| DATA PROVIDED |

..........

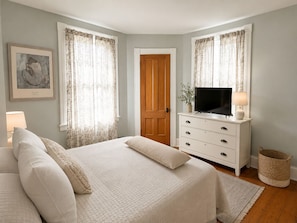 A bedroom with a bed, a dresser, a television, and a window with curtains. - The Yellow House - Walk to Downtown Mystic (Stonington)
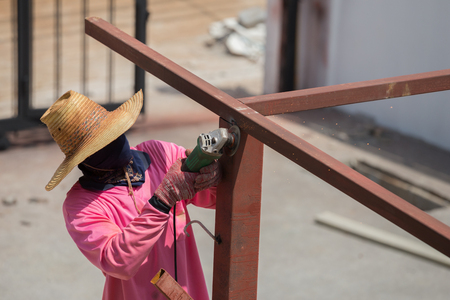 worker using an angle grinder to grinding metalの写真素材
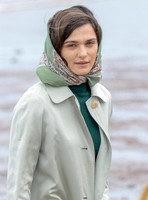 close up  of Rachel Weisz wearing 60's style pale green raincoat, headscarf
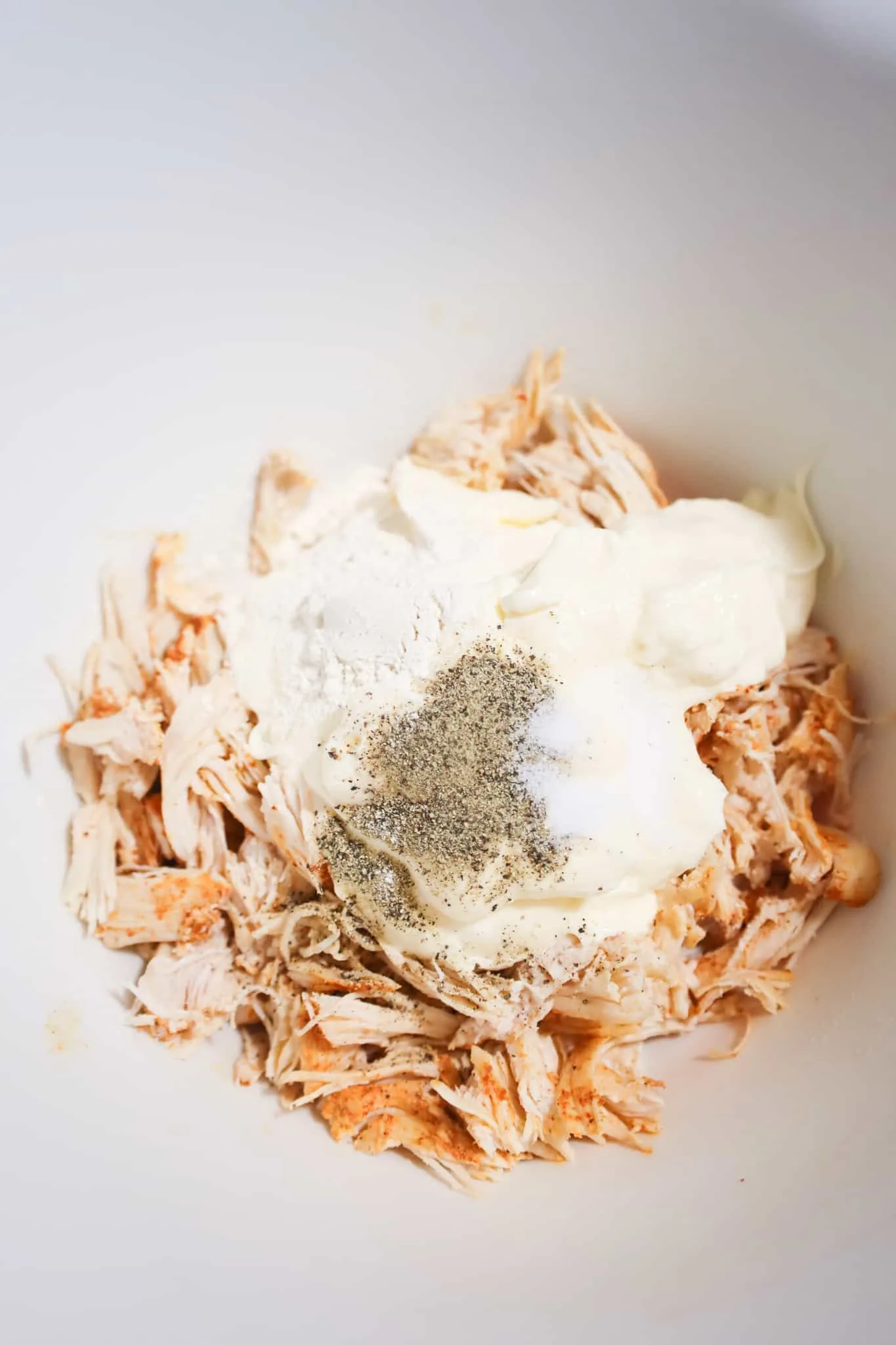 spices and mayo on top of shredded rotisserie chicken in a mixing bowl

..........

| ASSIGNED TASK |
What you give back must be the data above, reproduced exactly and free of pictures.

| OUTPUT OF THE EXERCISE |
 A bedroom with a bed, a dresser, a television, and a window with curtains. - The Yellow House - Walk to Downtown Mystic (Stonington)
 worker using an angle grinder to grinding metalの写真素材
 close up  of Rachel Weisz wearing 60's style pale green raincoat, headscarf
 spices and mayo on top of shredded rotisserie chicken in a mixing bowl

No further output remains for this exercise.